CHICAGO (Reuters) - Six U.S. states reported record day-over-day increases in COVID-19 deaths on Wednesday, according to a Reuters analysis, as infections rose across the Midwest and elsewhere, prompting new clampdowns on residents, schools and businesses.
Deaths attributed to COVID-19 hit daily records in Iowa, Minnesota, Montana, Kansas, Hawaii and Wisconsin, Reuters found. Wisconsin, Illinois, Kentucky, Colorado and Ohio reported record daily increases in new infections, the tally showed.
The number of patients in U.S. hospitals suffering from the virus hit 40,000 for the first time since August on Wednesday, according to the analysis.
“Folks, please stay home,” Wisconsin Governor Tony Evers said in a statement on Wednesday. “Help us protect our communities from this highly-contagious virus and avoid further strain on our hospitals.”
Evers said a week-old field hospital in the Milwaukee suburbs had admitted its first patient.
Wisconsin is a pivotal battleground state in the Nov. 3 election between President Donald Trump and Democrat Joe Biden.
The coronavirus pandemic has killed more than 221,000 people in the United States and thrown millions out of work. Opinion polls show Trump’s handling of the pandemic has hurt his re-election prospects.
In Illinois, 66 people died from COVID-19 on Wednesday, the state’s highest single-day increase since mid-June.
In Kansas, where the death toll rose by 80 on Wednesday, Governor Laura Kelly said the pandemic was putting a strain on hospitals and that all 62 residents of a nursing home in Norton County had contracted the virus. Ten had died.

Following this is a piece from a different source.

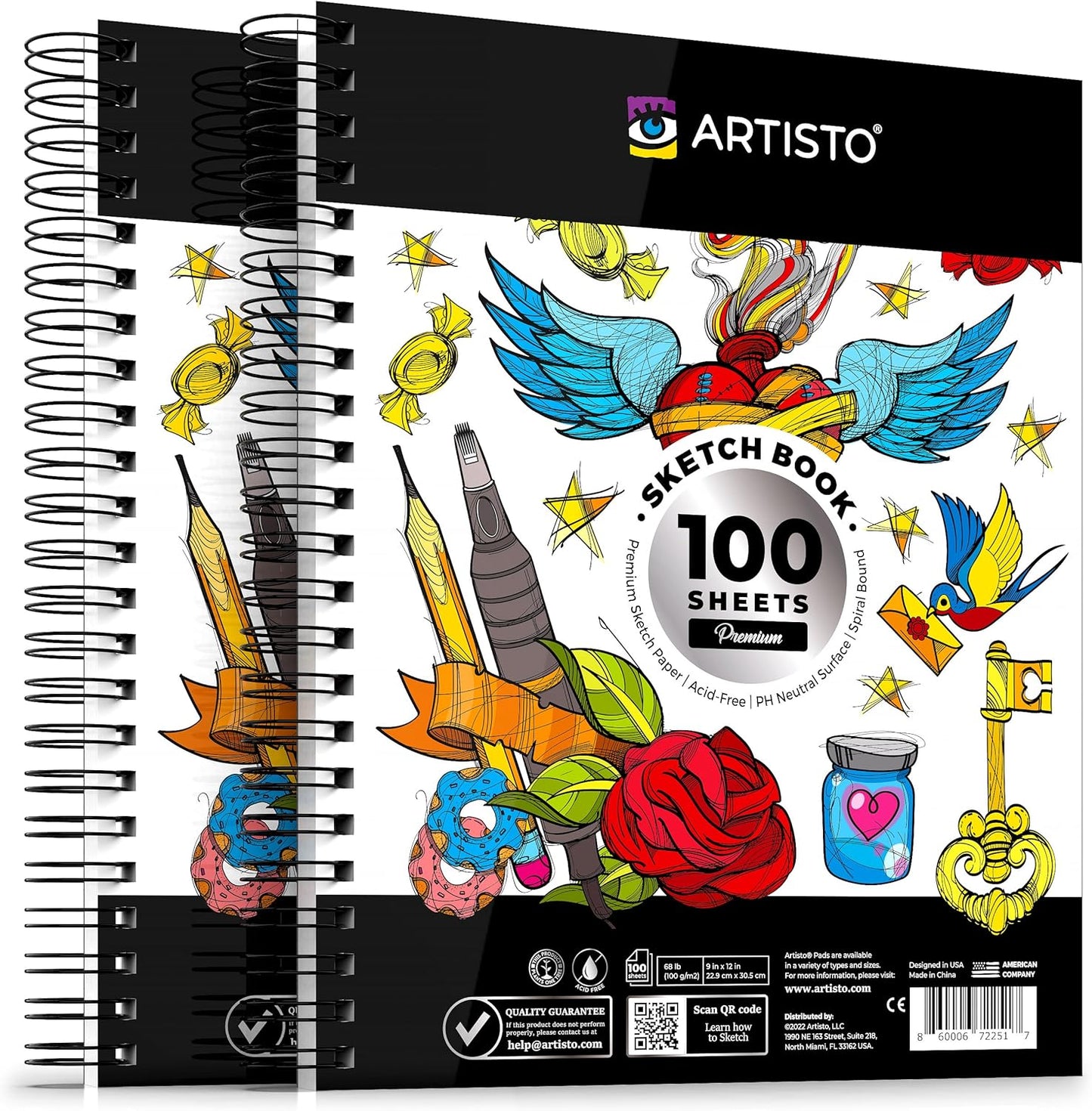 Artisto Premium Sketch Book Set - 200 Sheets!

“The tragic deaths in Norton are a stark reminder that COVID-19 poses a real threat to all Kansans,” Kelly told an afternoon news conference.

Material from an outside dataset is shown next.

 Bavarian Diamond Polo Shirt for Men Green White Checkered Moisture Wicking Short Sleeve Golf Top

Nationally, cases have been trending higher for five weeks, rising to 60,000 on average over the past seven days from a recent low of 35,000 a day in mid-September.

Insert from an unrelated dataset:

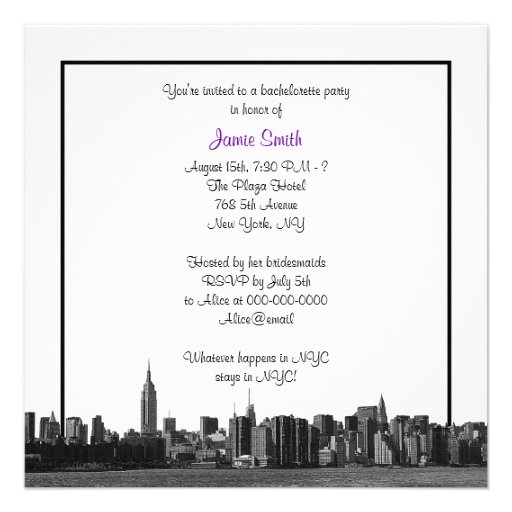 NYC Wide Skyline Etch BW Purple Bachelorette SQ Personalized Invite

The rise in new infections partly reflects stepped-up testing in many states, which has provided a more accurate picture of the spread of the virus.
The United States has averaged 734 daily coronavirus deaths over the past seven days, still well below the 2,333 average at the height of the pandemic in April.
The latest outbreak on a per-capita-basis is most severe in the Midwest, where daily case counts hit a record on Monday with over 27,000 new infections reported.
Midwest hospitalizations climbed to 10,830 on Tuesday, hitting a record high for a fifth day in a row and raising fears that medical centers could become overwhelmed like in the early months of the pandemic in the U.S. Northeast.
Outside the Midwest, health officials sought to curtail smaller outbreaks.
Boston officials announced that public school students would shift to remote learning because of a rising infection rate in the city that was hit hard during the spring.
The Boston school system, which serves more than 55,000 students from pre-kindergarten through 12th-grade, allowed some pupils with the highest needs back to the classroom on Oct. 1 after starting remote learning on Sept. 21.
Massachusetts has averaged more than 700 new cases a day over the past seven days, its highest seven-day average since late May, according to a Reuters analysis.
But only 1% of tests were coming back positive, one of the lowest levels in the country. The disparity suggests that the state is catching new outbreaks quickly, keeping the number of infections under control.
School districts across the United States have been grappling with reopening plans during the coronavirus pandemic.
In New York City, home to the nation’s largest public school system, officials ordered some schools to revert to remote learning earlier this month after infections spiked in a few areas.
New York Governor Andrew Cuomo eased restrictions imposed in some cluster zones in the city’s Queens borough, saying the outbreak there had eased. The move allowed schools in those areas to reopen but with rigorous weekly testing.
New York was an early epicenter of the pandemic and has seen more deaths from COVID-19 than any other U.S. state, more than 33,000 as of Wednesday.
In Los Angeles, the second-largest school district in the country, schools remain closed for in-person education for most students.